In January, Hammel sat by her daughter's hospital bed, holding Lorissa's hand. She cuddled with her daughter and prepared to say goodbye as transplant doctors got ready to take her organs.
"She'll give someone sight and life. She'll live through them," Hammel said.
She is channeling her pain to make sure what happened to Lorissa never happens again.
"I'm not the type of person who just sits back and lets things happen," Hammel said.
Every week, Hammel says she hears from a new victim of the intersection at Highway 195 and Cheney-Spokane Road, and she says all of them can be blamed on a dangerous blind spot.
The right hand turn lane along Cheney-Spokane Road is the main problem. When it fills up with cars during rush hour, it is very difficult to see oncoming cars.
"Every person that I've met, every single person who's been in an accident there, has told me the same story," Hammel said.
She and several other people got a chance to voice their concerns on Monday.

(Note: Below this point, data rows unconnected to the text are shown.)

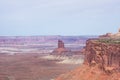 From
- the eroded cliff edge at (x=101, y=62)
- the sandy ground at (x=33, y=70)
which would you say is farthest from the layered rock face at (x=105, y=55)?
the sandy ground at (x=33, y=70)

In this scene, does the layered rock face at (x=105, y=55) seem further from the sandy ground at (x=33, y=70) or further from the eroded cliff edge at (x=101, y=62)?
the sandy ground at (x=33, y=70)

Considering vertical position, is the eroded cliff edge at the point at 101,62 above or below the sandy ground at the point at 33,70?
above

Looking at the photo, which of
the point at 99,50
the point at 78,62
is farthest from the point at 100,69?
the point at 78,62

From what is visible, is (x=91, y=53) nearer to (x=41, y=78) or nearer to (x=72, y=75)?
(x=72, y=75)

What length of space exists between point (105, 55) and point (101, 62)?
1516 mm

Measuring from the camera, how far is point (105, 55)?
4353 centimetres

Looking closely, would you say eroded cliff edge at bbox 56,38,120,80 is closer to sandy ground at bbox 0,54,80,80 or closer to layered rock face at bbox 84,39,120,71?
layered rock face at bbox 84,39,120,71

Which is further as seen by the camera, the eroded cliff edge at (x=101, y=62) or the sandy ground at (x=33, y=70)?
the sandy ground at (x=33, y=70)

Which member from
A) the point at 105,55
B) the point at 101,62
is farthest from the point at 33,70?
the point at 105,55

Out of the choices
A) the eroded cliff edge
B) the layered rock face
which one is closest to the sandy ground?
the eroded cliff edge

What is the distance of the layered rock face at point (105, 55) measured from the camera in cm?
4141

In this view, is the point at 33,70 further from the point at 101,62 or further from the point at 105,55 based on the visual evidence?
the point at 105,55

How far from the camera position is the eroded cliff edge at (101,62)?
41438 millimetres

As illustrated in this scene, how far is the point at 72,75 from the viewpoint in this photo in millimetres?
51562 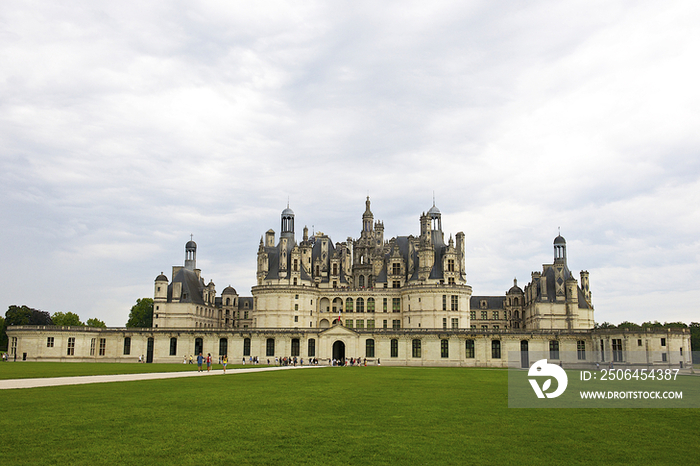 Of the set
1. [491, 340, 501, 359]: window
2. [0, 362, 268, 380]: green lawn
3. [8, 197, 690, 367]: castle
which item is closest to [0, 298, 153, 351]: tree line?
[8, 197, 690, 367]: castle

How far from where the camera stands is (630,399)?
26516 millimetres

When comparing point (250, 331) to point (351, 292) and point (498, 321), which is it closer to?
point (351, 292)

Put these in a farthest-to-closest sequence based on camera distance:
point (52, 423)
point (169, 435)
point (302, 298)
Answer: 1. point (302, 298)
2. point (52, 423)
3. point (169, 435)

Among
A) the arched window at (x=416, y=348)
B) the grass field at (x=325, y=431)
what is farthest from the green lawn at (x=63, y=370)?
the arched window at (x=416, y=348)

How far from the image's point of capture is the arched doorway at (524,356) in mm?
79562

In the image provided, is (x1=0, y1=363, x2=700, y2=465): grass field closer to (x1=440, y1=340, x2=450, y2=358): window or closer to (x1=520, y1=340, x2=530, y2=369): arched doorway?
(x1=520, y1=340, x2=530, y2=369): arched doorway

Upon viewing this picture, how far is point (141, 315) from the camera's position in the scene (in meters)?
125

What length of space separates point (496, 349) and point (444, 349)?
24.3 feet

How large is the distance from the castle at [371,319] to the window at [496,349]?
0.47ft

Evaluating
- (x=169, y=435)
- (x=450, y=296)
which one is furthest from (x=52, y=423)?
(x=450, y=296)

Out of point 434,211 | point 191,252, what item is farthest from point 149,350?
point 434,211

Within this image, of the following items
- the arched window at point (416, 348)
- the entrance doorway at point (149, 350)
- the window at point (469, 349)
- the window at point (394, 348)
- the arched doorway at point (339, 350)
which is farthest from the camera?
the entrance doorway at point (149, 350)

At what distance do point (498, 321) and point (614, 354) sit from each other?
43.5 m

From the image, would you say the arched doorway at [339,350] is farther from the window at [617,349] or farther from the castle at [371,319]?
the window at [617,349] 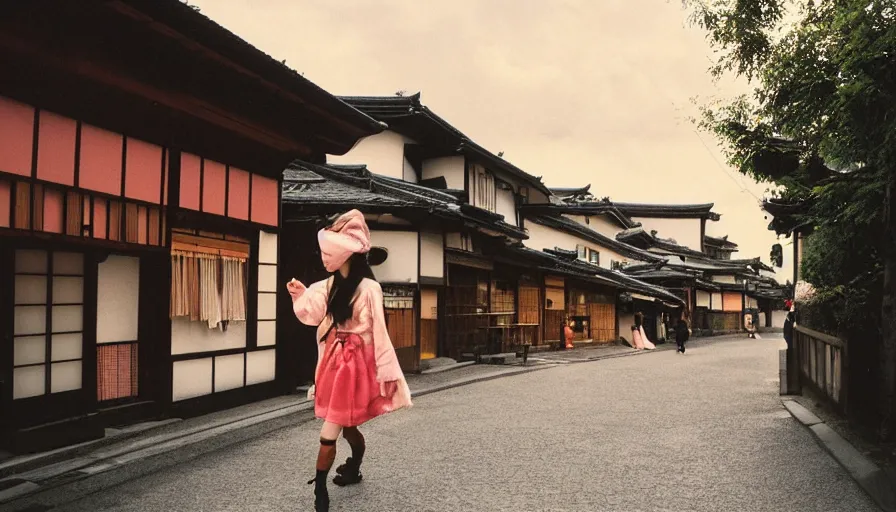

Thomas Grieb talked about a 2006 accident that almost took his life.
"My neck broke, my back, my shoulder, my pelvis, my ribs, my hips, collapsed lung, fractured liver," accident victim Thomas Grieb said. "This intersection has left me in this wheel chair."
David Blyton, the man who hit Lorissa Green was also in Olympia and he spoke about the night that changed his life forever.
"I'll never forget the sight I saw, the sounds I heard, everyday, twice a day, twice a day going through that intersection," Blyton said.
In all, five people testified and more than 40 made the trip to Olympia in support of the bill. They are asking legislators to fund a $250,000 project that would reroute the right turn lane and turn it into more of an off-ramp that would not obstruct the view of those making a left hand turn.
"I think that we made some noise in Olympia. I think that they will consider that, and it will get passed," Hammel said.
Although she will never touch her daughter again, Hammel hopes her daughter's life, and the way that she died, touches lawmakers.
"I'm sad that it had to come to that," Hammel said.
The state transportation budget is due on April 26th and that is when lawmakers will make a decision on Lorissa's Bill.